Work required: In the entries below, which lines run from the one with "Ass-Gasm® C-ring Plug" through the one with "Great Tits Socks - Size 7 - 11"? Repeat exactly those, both included, and no pictures.

** Material for the task follows **

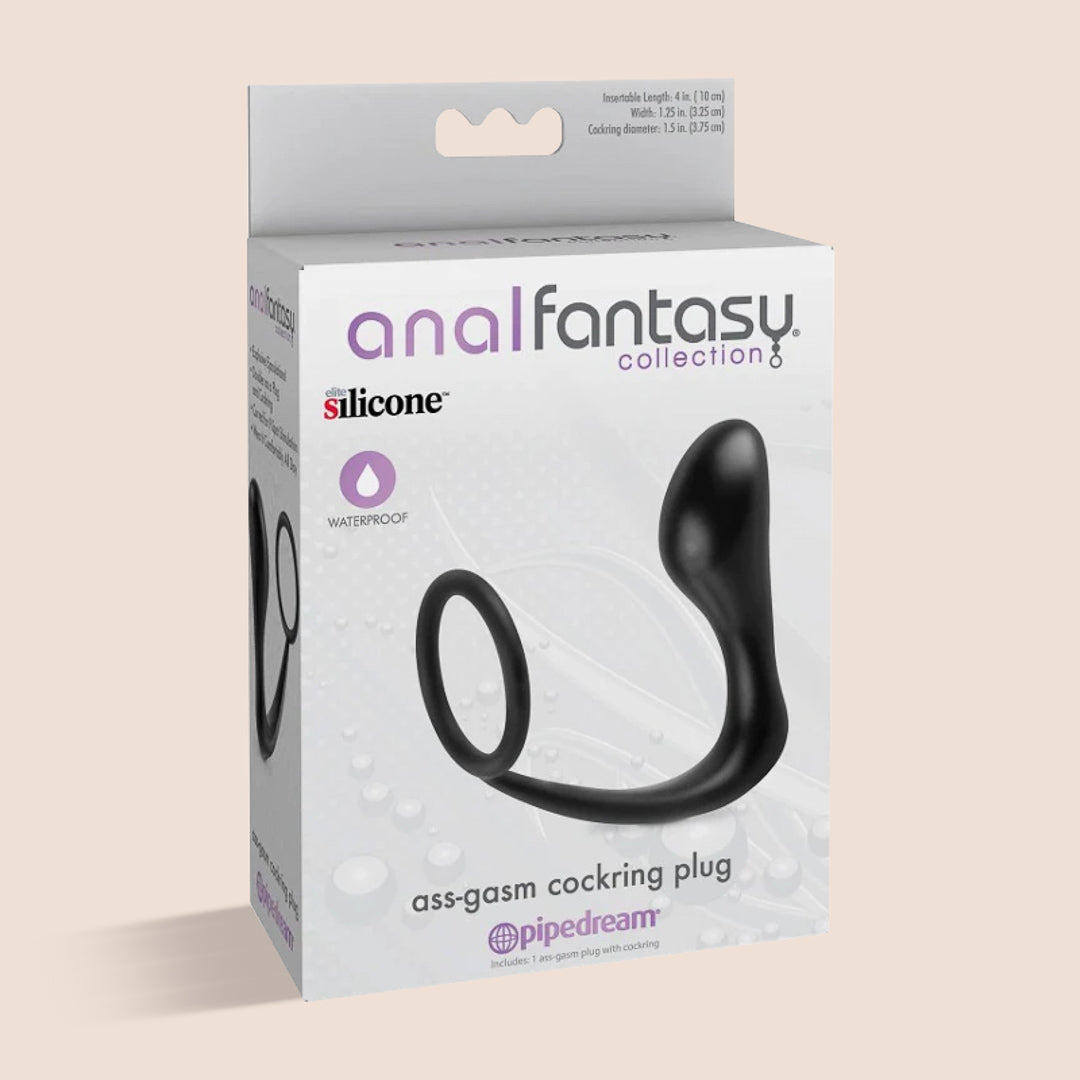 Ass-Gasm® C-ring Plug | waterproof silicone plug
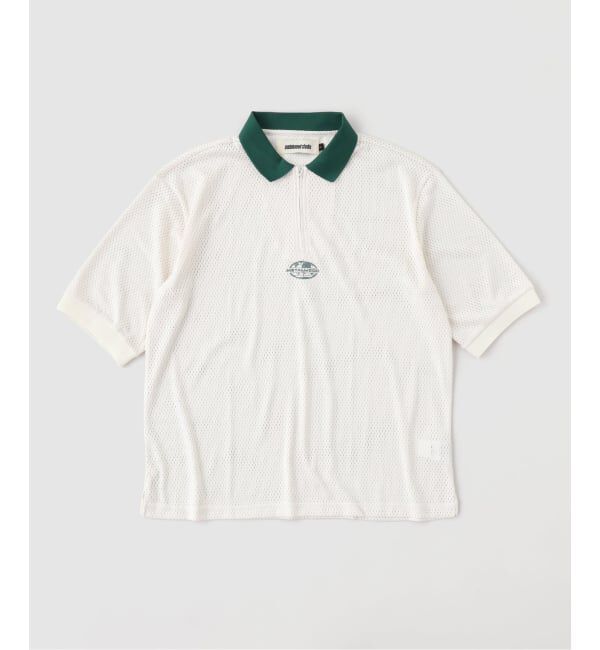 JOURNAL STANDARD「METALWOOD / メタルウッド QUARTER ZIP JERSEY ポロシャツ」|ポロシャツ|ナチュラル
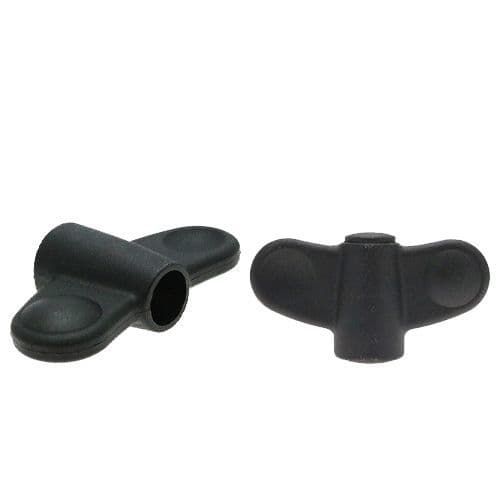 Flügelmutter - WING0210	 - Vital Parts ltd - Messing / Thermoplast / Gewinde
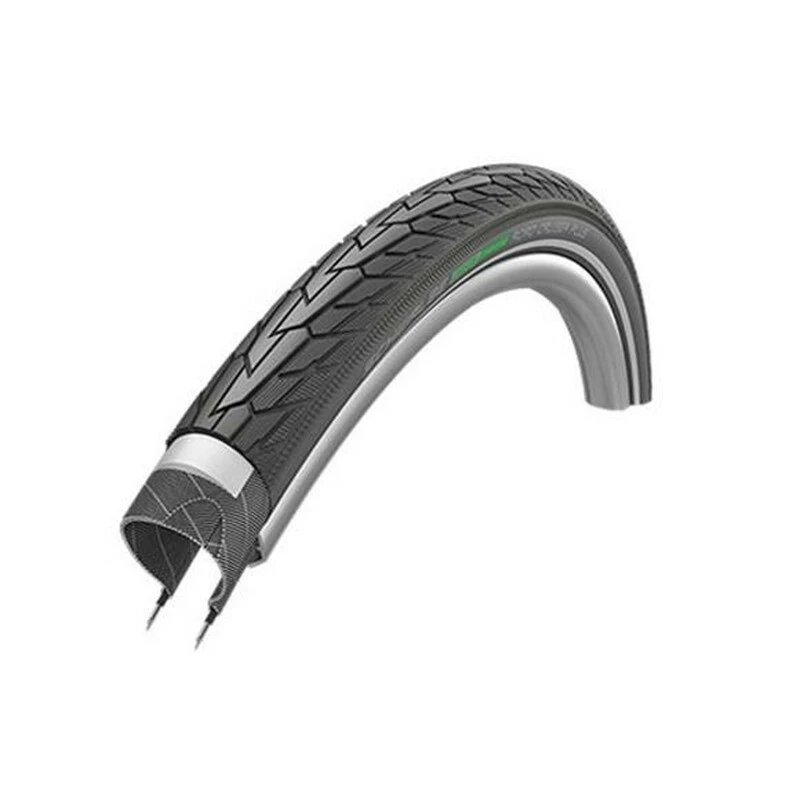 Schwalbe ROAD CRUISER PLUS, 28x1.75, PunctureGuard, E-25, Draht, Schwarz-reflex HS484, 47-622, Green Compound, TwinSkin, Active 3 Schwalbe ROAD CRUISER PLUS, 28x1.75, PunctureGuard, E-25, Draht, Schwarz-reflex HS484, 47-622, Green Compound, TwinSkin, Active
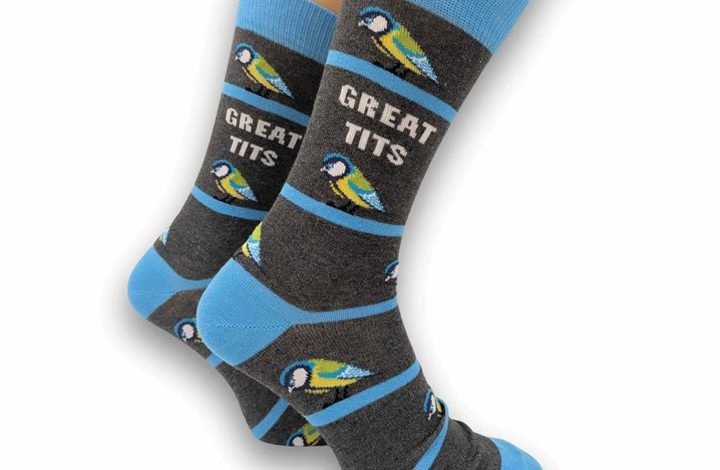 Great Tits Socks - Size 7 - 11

** End of Material for the task **
** Material for the task follows **

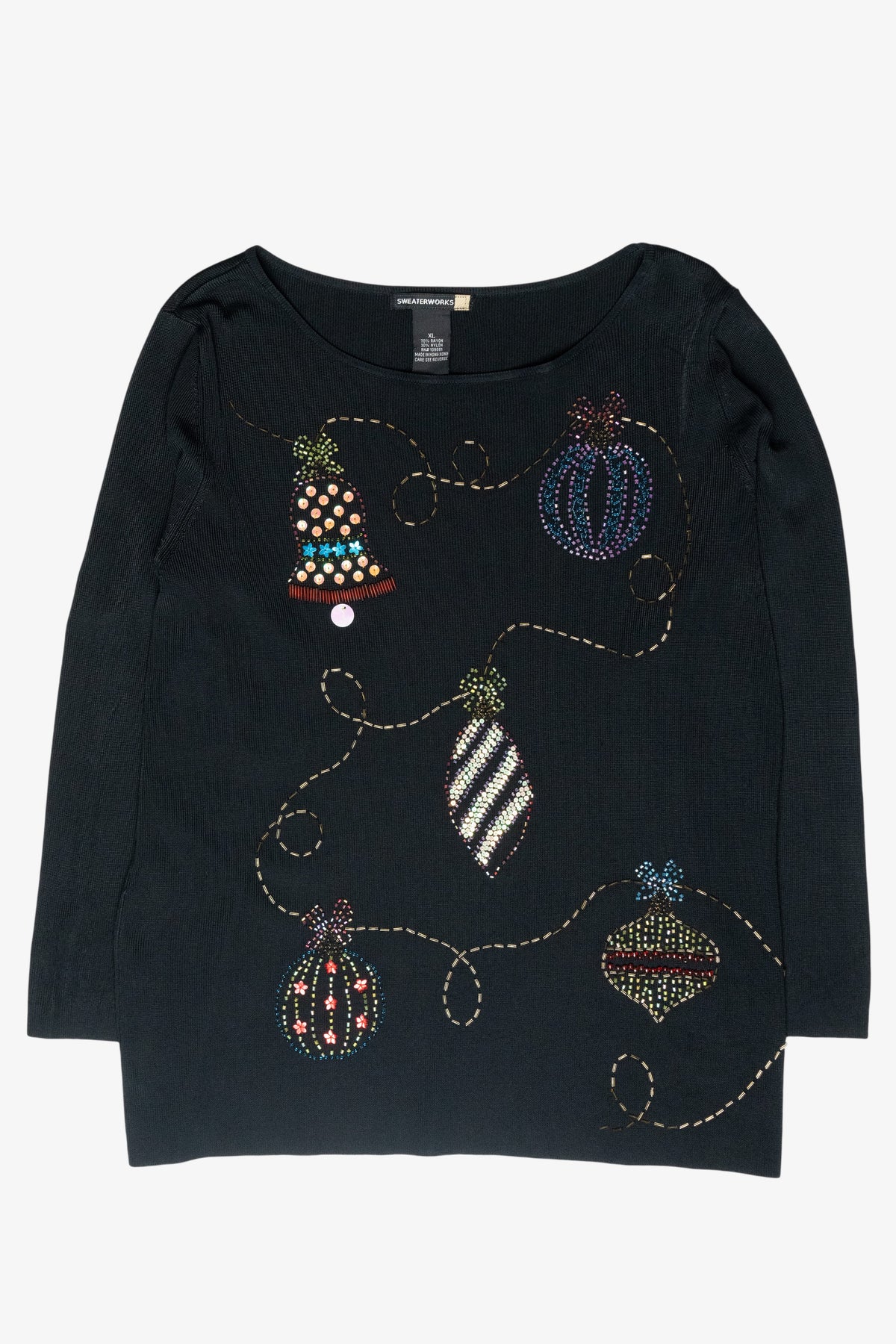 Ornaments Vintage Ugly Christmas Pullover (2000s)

** End of Material for the task **

Response below:
 Ass-Gasm® C-ring Plug | waterproof silicone plug
 JOURNAL STANDARD「METALWOOD / メタルウッド QUARTER ZIP JERSEY ポロシャツ」|ポロシャツ|ナチュラル
 Flügelmutter - WING0210	 - Vital Parts ltd - Messing / Thermoplast / Gewinde
 Schwalbe ROAD CRUISER PLUS, 28x1.75, PunctureGuard, E-25, Draht, Schwarz-reflex HS484, 47-622, Green Compound, TwinSkin, Active 3 Schwalbe ROAD CRUISER PLUS, 28x1.75, PunctureGuard, E-25, Draht, Schwarz-reflex HS484, 47-622, Green Compound, TwinSkin, Active
 Great Tits Socks - Size 7 - 11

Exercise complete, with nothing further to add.